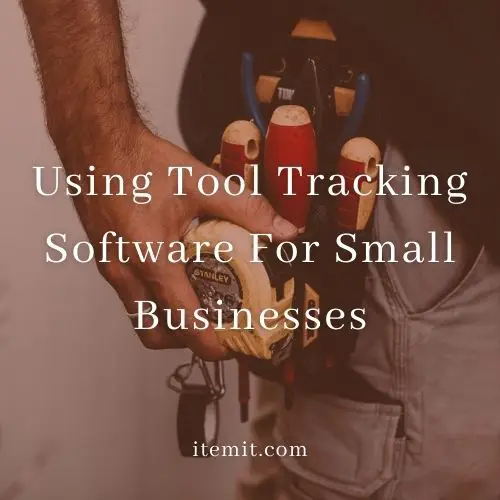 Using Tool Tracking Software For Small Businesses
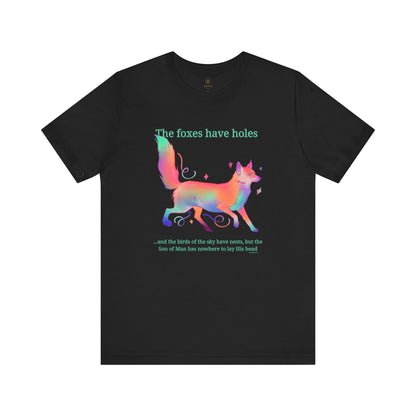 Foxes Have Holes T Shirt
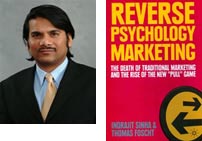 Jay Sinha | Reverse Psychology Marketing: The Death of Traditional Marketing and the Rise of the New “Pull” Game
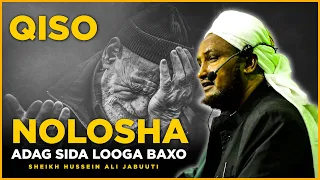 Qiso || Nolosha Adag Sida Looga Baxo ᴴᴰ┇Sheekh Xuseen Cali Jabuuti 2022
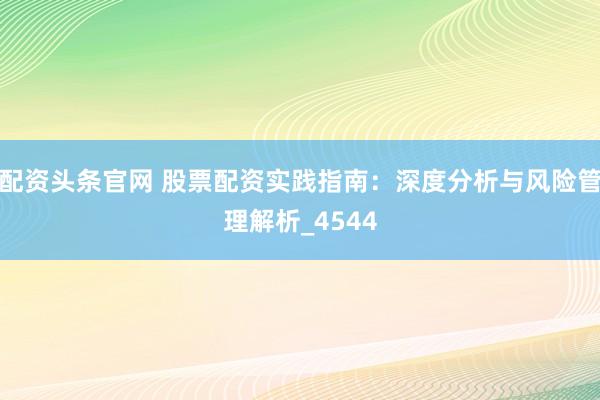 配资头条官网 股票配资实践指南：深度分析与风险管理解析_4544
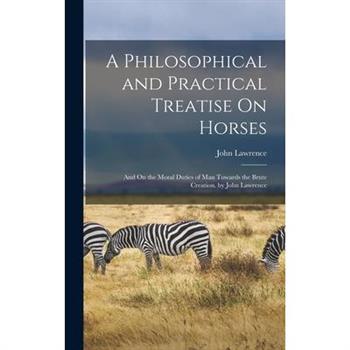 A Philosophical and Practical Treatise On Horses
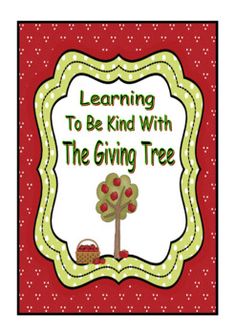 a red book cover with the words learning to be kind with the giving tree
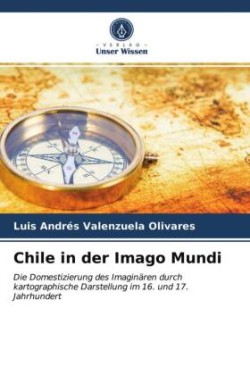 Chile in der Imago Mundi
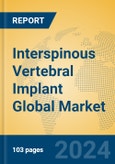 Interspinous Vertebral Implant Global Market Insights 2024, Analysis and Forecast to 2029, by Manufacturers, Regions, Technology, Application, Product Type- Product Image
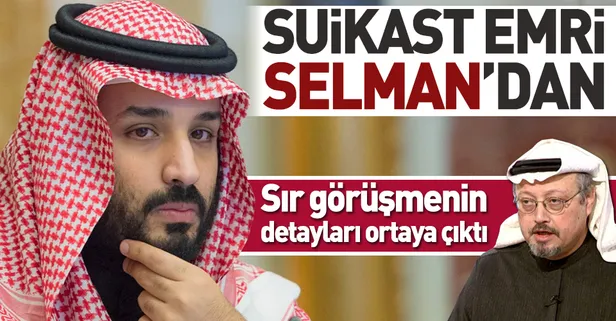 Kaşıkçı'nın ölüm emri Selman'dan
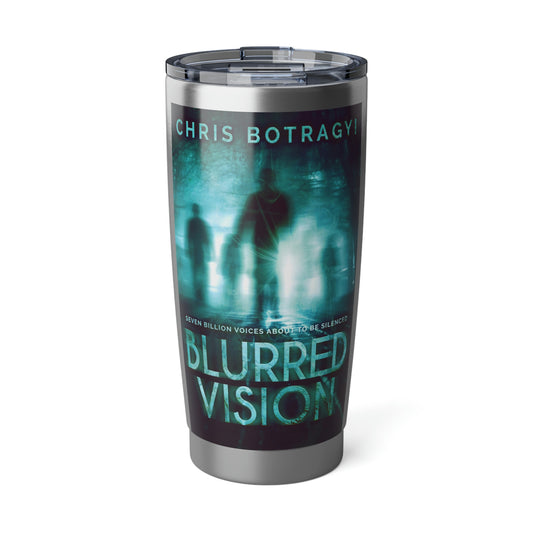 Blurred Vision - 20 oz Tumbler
* * *
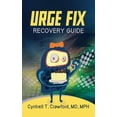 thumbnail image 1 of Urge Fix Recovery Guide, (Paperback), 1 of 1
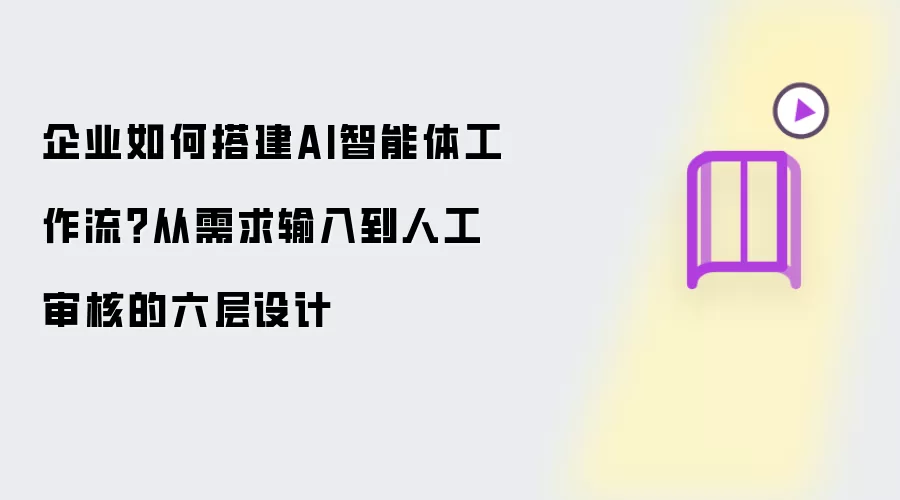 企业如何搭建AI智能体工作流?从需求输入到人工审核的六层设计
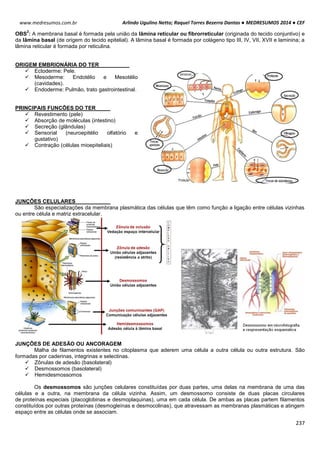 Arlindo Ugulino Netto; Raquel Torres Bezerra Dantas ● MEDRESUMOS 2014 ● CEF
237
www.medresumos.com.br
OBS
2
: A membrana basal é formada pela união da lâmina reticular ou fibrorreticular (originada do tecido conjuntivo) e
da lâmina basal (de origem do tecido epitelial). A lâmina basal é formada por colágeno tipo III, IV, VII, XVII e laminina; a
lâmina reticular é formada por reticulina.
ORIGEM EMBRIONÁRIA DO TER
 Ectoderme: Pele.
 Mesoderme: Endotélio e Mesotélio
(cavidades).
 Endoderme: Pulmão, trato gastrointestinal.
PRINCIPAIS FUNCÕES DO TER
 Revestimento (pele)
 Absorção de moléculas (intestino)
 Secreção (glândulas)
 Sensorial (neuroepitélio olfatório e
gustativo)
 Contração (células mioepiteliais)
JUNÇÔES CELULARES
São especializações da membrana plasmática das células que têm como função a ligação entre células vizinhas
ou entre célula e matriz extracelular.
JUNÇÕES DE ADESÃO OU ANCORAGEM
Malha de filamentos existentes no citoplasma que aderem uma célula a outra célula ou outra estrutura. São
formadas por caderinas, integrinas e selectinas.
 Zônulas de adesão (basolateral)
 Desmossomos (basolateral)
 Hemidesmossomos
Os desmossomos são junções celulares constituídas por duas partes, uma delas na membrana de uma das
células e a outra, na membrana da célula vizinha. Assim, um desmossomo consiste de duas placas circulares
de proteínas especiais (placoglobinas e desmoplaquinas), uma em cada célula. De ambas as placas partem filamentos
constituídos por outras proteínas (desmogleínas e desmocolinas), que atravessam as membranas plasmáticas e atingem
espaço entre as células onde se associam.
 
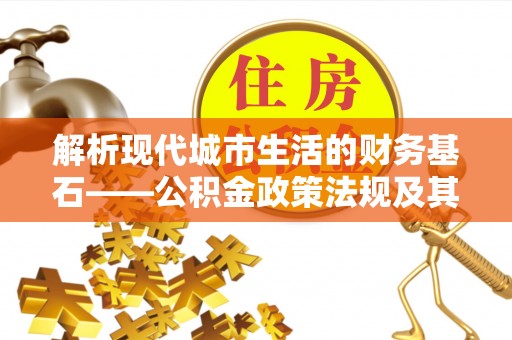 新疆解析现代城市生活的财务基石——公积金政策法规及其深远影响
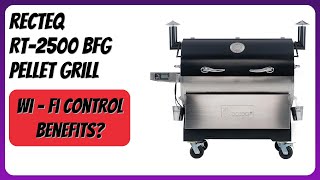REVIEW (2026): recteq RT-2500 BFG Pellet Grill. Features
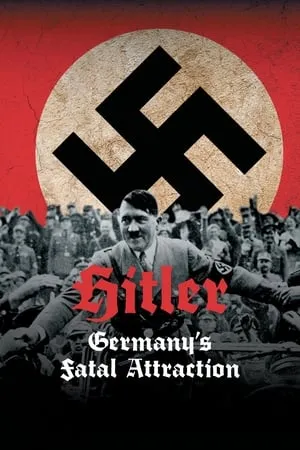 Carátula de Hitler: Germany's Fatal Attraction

◆ **WORK ORDER**
Set down again, exactly, every line above from the one with "JUNÇÔES CELULARES" down to the one with "Carátula de Hitler: Germany's", both ends included. No pictures, and nothing else.

◆ **EXERCISE RESULT**
JUNÇÔES CELULARES
São especializações da membrana plasmática das células que têm como função a ligação entre células vizinhas
ou entre célula e matriz extracelular.
JUNÇÕES DE ADESÃO OU ANCORAGEM
Malha de filamentos existentes no citoplasma que aderem uma célula a outra célula ou outra estrutura. São
formadas por caderinas, integrinas e selectinas.
 Zônulas de adesão (basolateral)
 Desmossomos (basolateral)
 Hemidesmossomos
Os desmossomos são junções celulares constituídas por duas partes, uma delas na membrana de uma das
células e a outra, na membrana da célula vizinha. Assim, um desmossomo consiste de duas placas circulares
de proteínas especiais (placoglobinas e desmoplaquinas), uma em cada célula. De ambas as placas partem filamentos
constituídos por outras proteínas (desmogleínas e desmocolinas), que atravessam as membranas plasmáticas e atingem
espaço entre as células onde se associam.
 
 新疆解析现代城市生活的财务基石——公积金政策法规及其深远影响
REVIEW (2026): recteq RT-2500 BFG Pellet Grill. Features
 Carátula de Hitler: Germany's Fatal Attraction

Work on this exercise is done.